Mr. Emerson stood by the fire with his back to me, unbuttoning his shirt. “You distress yourself unnecessarily. The Negro race is coarse and obtuse by nature. It knows nothing of life’s refinements.” He slid his arm from his left sleeve and turned to look at me. “They don’t suffer the way you would, Lidian. Your imagination tries to put you in their shoes, but they will not fit.”
“But they’re human!” I cried, throwing down my brush. “They feel grief and experience pain!”
He shook his head. “As a dog feels it, not as you or I.”
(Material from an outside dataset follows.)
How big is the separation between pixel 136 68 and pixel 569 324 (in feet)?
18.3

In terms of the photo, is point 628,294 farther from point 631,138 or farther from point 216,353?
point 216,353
“I cannot agree.” I picked up my brush and went to my bureau, where I took longer than usual plaiting my hair.
It confounded me that he could think that some people felt no tenderness simply because their skin was dark, or because they’d been reared in a land of cannibals. Were we not all bound as one family in the sight of God? I had begun to learn that my husband avoided all difficult and painful thoughts, unless they struck a chord in his mind. I suspected that this irksome habit was the means by which he steeled himself against the blows life dealt him.